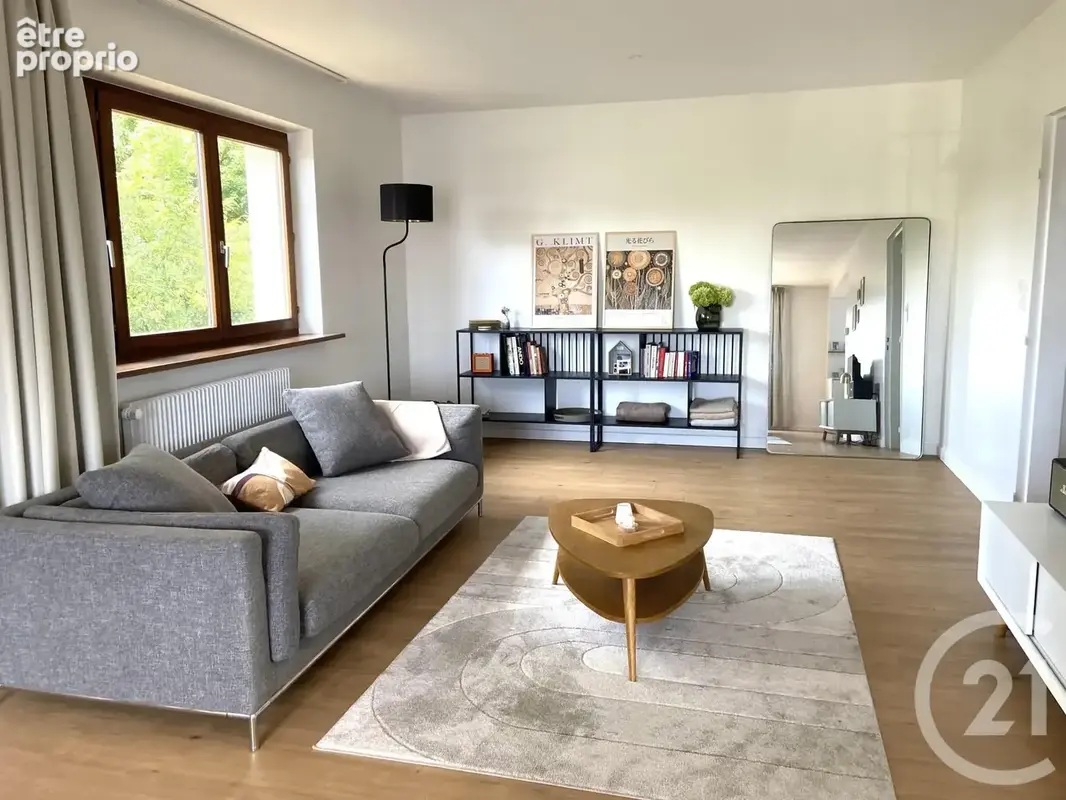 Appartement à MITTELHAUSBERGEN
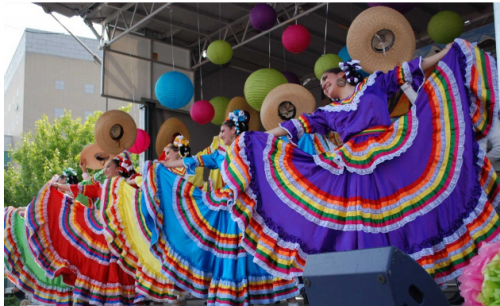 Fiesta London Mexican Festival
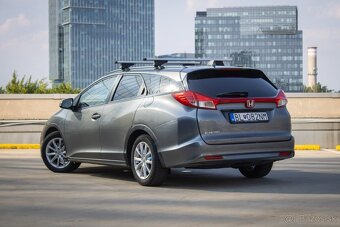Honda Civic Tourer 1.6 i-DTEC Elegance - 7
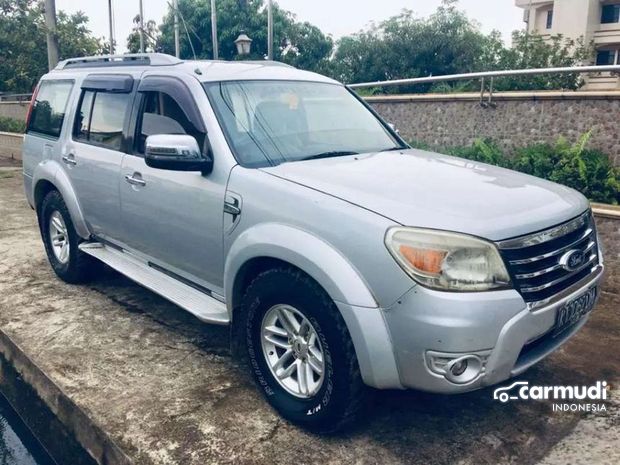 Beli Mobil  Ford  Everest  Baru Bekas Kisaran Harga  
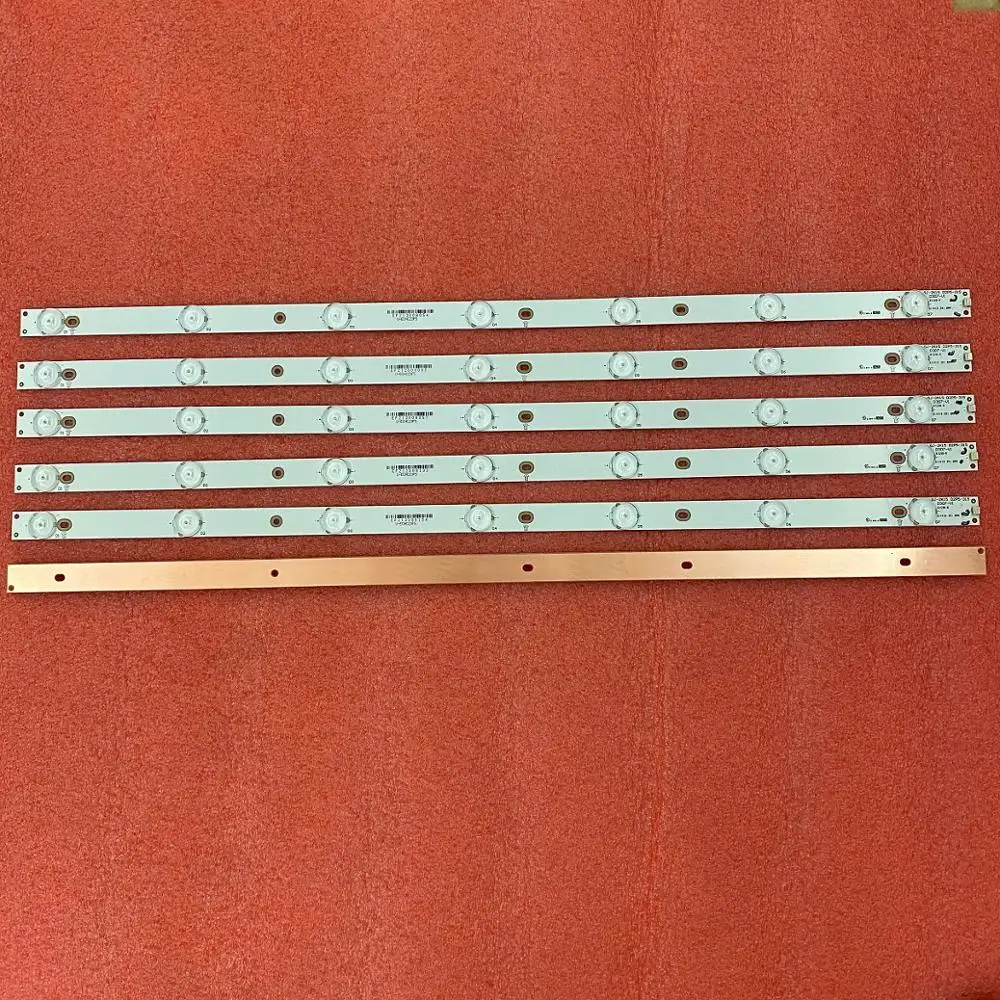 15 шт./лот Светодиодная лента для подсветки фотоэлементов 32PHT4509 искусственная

.....

PROBLEM DESCRIPTION:
For each record, return its text exactly and leave any picture out.

SOLUTION BELOW:
 Appartement à MITTELHAUSBERGEN
 Fiesta London Mexican Festival
Honda Civic Tourer 1.6 i-DTEC Elegance - 7
 Beli Mobil  Ford  Everest  Baru Bekas Kisaran Harga  
 15 шт./лот Светодиодная лента для подсветки фотоэлементов 32PHT4509 искусственная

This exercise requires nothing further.